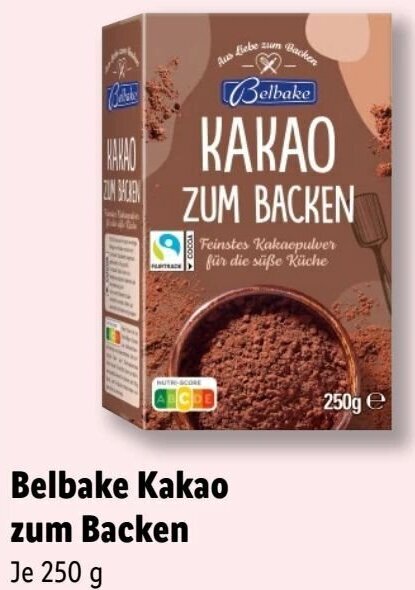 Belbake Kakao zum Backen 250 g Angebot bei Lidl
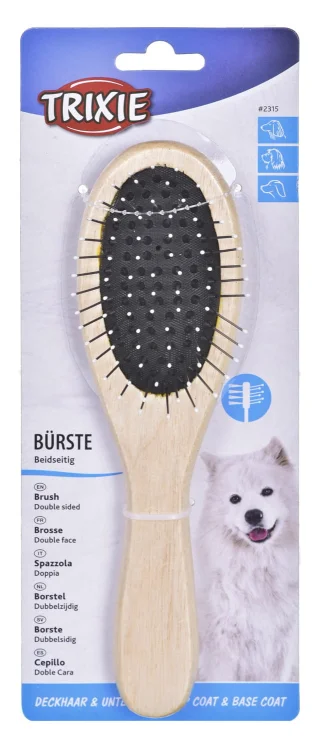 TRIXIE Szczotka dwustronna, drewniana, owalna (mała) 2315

++++++++

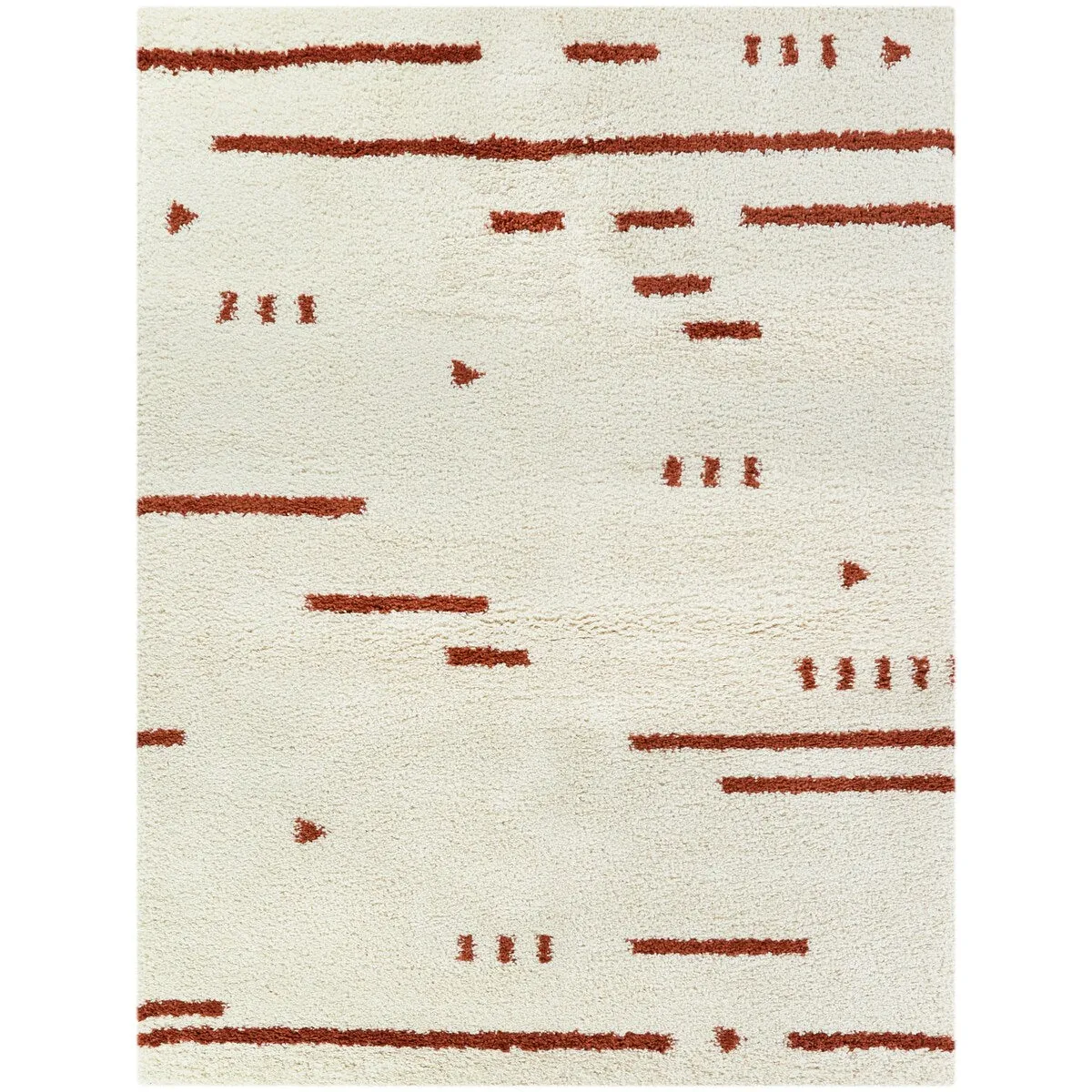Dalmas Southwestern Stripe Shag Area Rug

++++++++

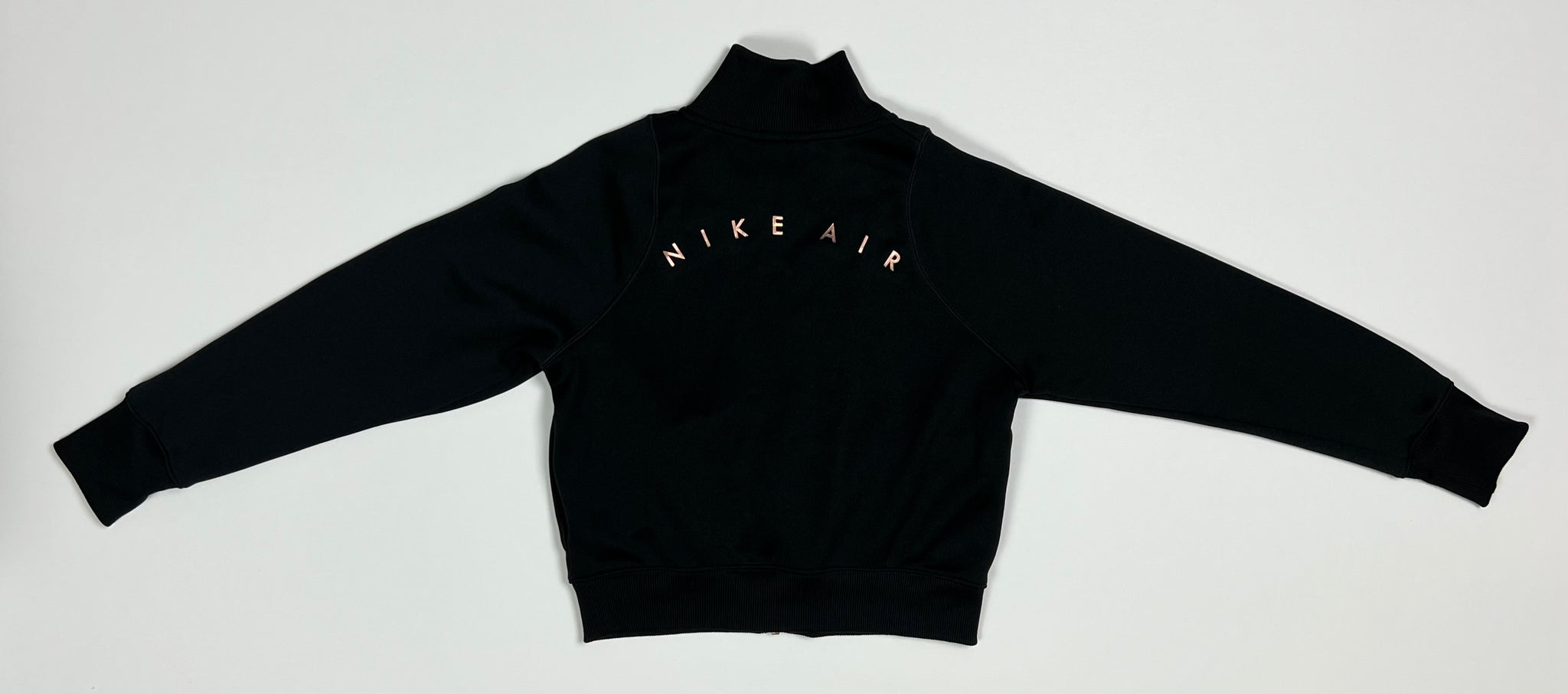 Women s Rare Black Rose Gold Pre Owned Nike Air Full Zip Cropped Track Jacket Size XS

++++++++

Task item:
Copy out the listing above from the line containing "Belbake Kakao zum" to the line containing "TRIXIE Szczotka dwustronna, drewniana, owalna", both included, exactly as written and minus the images.

Task solution:
 Belbake Kakao zum Backen 250 g Angebot bei Lidl
 TRIXIE Szczotka dwustronna, drewniana, owalna (mała) 2315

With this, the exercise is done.